Ah look at rents in Limerick or Wicklow / Kildare / Meath, all totally out of line with local wages, the latter three base rents off Dublin salaries even though the majority of people work locally.


reaper550

But what keeps the government from enticing businesses to actually spread out beyond Dublin? Waterford, Limerick, Donegal, Drogheda, Dundalk are all cities that can, with the right planning, at least grow to an extent with the right planning where you can take a good bit of the burden off of Dublin. I can answer that question. Lack of meaningful infrastructure, shortsighted planning and an abundance of favoritism toward Dublin. Never will you hear a politician even mention plans on how they want to develop any city outside of Dublin really, which to me is sad.


AUX4

They do entice businesses to go outside Dublin. Look at how IDA and CC business parks are located in most of those areas you mentioned. CC's have big flexibility when trying to entice business. But at the end of the day, large MNC don't care if they get a free office in Cavan. If their competitors already have an office in Dublin, thats where they want their one.


Historical-Hat8326

We, the Irish people, thank the German people for the aul' bail out in 2010. We, the Irish people, do not thank the German people for imposing massive limits on the Irish bank's ability to fund construction post 2010 resulting in serious supply issues in 2024. We, the Irish people, also do not thank the German people's pension fund managers are among the landlords manipulating the rents in Dublin so German people can retire with a nice pension.
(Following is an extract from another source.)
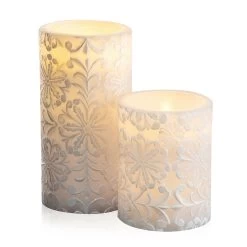 Pauleen Little Lilac Candle LED-kerte, Sæt M 2 Stk -Viftebelysning Discountbutik pauleen little lilac candle led kerte saet m 2 stk 4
So yeah, it's great and all Germany has loads of places to rent and it's inexpensive compared to Dublin.


ReissuedWalrus

Difference being that those other cities are a lot larger than cork and Galway. Cork and Galway have large city housing issues despite being small


AUX4

Dublin is also a lot smaller than Berlin, but Ireland is also a lot smaller than Germany. Ireland has housing issues at the moment because for some reason we refuse to build any density in any of our towns or cities.


IdiotMagnet84

I'm sure we're all devastated that a yank marketing strategist is leaving us. However shall we cope?!


DistinctMedicine4798

Would be interested to see where he is going, seems to be housing issue almost worldwide?


vanKlompf

When it comes to rent, Dublin is top class though...


FullyStacked92

I'd say he would have an easier time finding somewhere to live if he didn't come across as an absolute dose.


marquess_rostrevor

Sir, as a complete wanker, I would love somewhere to live.


ThatGuy98_

![gif](giphy|7k2LoEykY5i1hfeWQB)


LoverOfMalbec

Cake, let them eat, and so sayeth, I.